Pau Shiu-hung, SBS, (Chinese: 鮑紹雄, born 1942) is the former Director of Architectural Services of HKSAR Government. He is considered as the main designer of the Hong Kong Coliseum.

He was also the chief commissioner of the Scout Association of Hong Kong, appointed on 1 January 2004 by then-Chief Executive of Hong Kong and Chief Scout of Hong Kong Tung Chee-hwa.

==Life==
Pau was born in 1942. He received his primary education at Lai Chack Primary School, secondary education at La Salle College and tertiary education at the University of Hong Kong. Graduated in 1967, he joined the Architectural Office, a branch of the Public Works Services in Hong Kong Government. He was appointed as the Director of Architectural Services in 1997 and retired in 2003. He was also the Vice President of the Hong Kong Science and Technology Parks Corporation.

In his 30-year service and contribution in Hong Kong Government, he was awarded the Silver Bauhinia Star in 2002.

He is a member of the La Salle Foundation of the La Salle College and used to be a member of the Lotteries Fund Advisory Committee.

==Scouting==
Pau joined Wolf Cub, present-day Cub Scout Section at the age of 9. He succeedingly was a Boy Scout and Venture Scout. He later became troop leader of these two sections. He achieved the Queen's Scout Award (currently Dragon Scout Award) in 1961.

He continued his Scout life and served as an Assistant Venture Scout Leader of the 17th Kowloon (La Salle) Group at age of 21 in 1963 and promoted to be the Venture Scout Leader in 1968, and also served as District Venture Scout Leader of Kowloon City District.

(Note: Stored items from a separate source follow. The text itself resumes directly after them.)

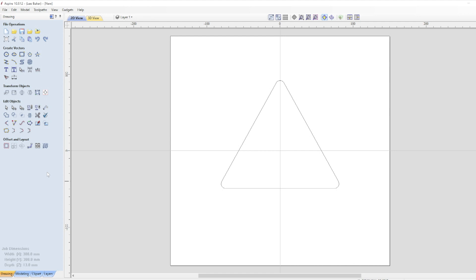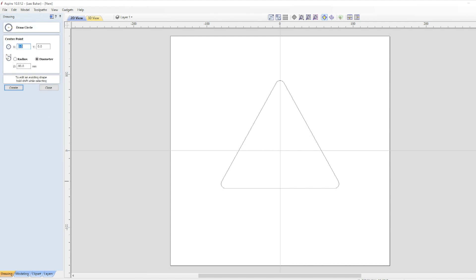He could have left it there but he wanted a small pocket for his bottle to sit into, and did this by creating a circle in the create vectors section and making sure that X and Y was 0 so it would sit central inside the triangle. And it was as simple as that.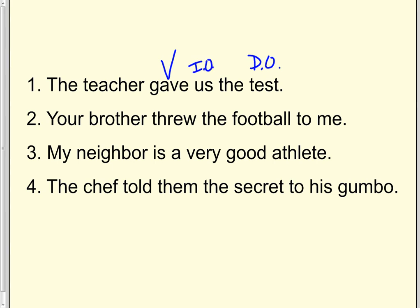Number two. Your brother threw the football to me. The verb is threw. What did he throw? The football. To whom did he throw it? Technically, he threw it to me. But if you'll look, that's a prepositional phrase. So there is no I.O. in this sentence. If there was an I.O., it needs to go right here in the middle. But there's none.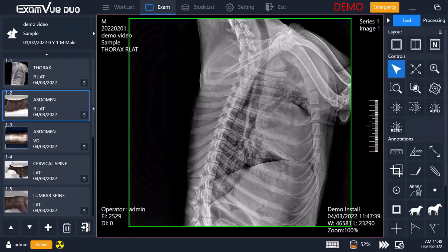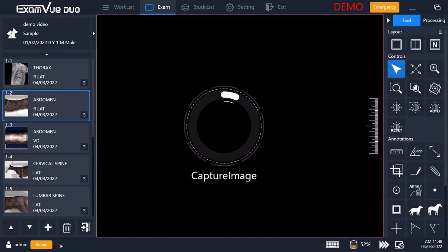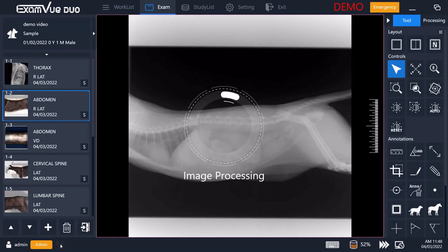If you are not sure exactly what technique you should use or how to position the animal, you can double click on an upcoming X-ray and it will bring up the positioning guide and the technique chart for that body part. This will show you exactly how to position the animal, what your X-ray should look like when it is done, and will give you the suggested technique for small, medium, large, or extra large animals of that species. You do not need to close this — simply taking your X-ray will make it move on and show you what you've taken.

He joined Estate Branch of the Association at 1971. He was appointed vice chairman of Campsites and Properties Committee, and served as chairman of Building Sub-Committee and vice chairman of Camp Management Sub-Committee during that period. In 1993, he became the assistant chief commissioner (estate). He succeeded John C. Y. Hui as chief commissioner in 2004. He is currently the Vice-president and the Vice-chairman of Headquarters Tender Board of the Scout Association of Hong Kong.